Everytime I read articles like the one above, I'm put in mind of the phrases "baby" and "bathwater", and "throwing out the, with..." Just because you can cite one or even some successful software projects that fail the "Joel Test" doesn't mean it's not valid. Just because Linux succeeded in-spite of Linus' attitudes towards specs and source control doesn't mean that they are not good practices.
As far as XP Programming, I don't think it succeeds in spite of the "Joel Test", I think that some of it's tenants just hit "edge cases". For example, "Programmers work and communicate in pairs, so working conditions aren’t supposed to be quiet." Now, I don't work with XP, so I can't say for sure, but from everything I've seen, the pair is still going to need to work in relative quiet. You now have two programmers concentrating on the same problem or set of problems. Between the two of them, they can bounce ideas off each other and still maintain their concentration, because "that's how they are supposed to work". But add in a third vector, like a phone, and it'll all come crashing down.
(I tend explain programming like juggling, probably because of Joel's original article.You have all your balls up in the air, and can handle them, can handle new balls or bowling pins, or chainsaws, and can change object, picking new ones up, and put some down, but ... somebody tosses a new object into the mix, and you're probably going to drop them all. Extend that to pair programming, just put two people doing the juggling.
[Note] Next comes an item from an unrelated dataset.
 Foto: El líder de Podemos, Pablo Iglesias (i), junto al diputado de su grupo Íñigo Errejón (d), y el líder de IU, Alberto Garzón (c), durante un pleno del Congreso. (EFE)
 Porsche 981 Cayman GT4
You can have more balls in the air, and more complex patterns, but an influence outside of the jugglers is still going to mess things up.)
Besides which, arguments like Wesner's really only take into account the letter of the law, not the spirit of the law. A "quiet working environment" doesn't mean one programmer per office, it means a working environment conducive to your methodology. "Best tools money can buy" doesn't mean upgrade the minute faster hardware comes out, it means make sure that your start with a good solid baseline that allows developers to be productive, and go from there.(I have 3 monitors. I like having 3 monitors. I'd get a fourth if I could hang one from the ceiling, I think, but.. does everyone need three or four. No, but two is a phenomenal increase in productivity. And far more cost effective than a 1 larger monitor. Same thing with VS 2005. It's a great tool. Shops using VS 2003 should move towards it. Don't have to do it this year, but it should be a goal. When it's appropriate.)
I'm sure that some successful projects would score low on it. And I'm sure they can continue to be successful.But I bet they'd be every more successful if they applied more of these practices.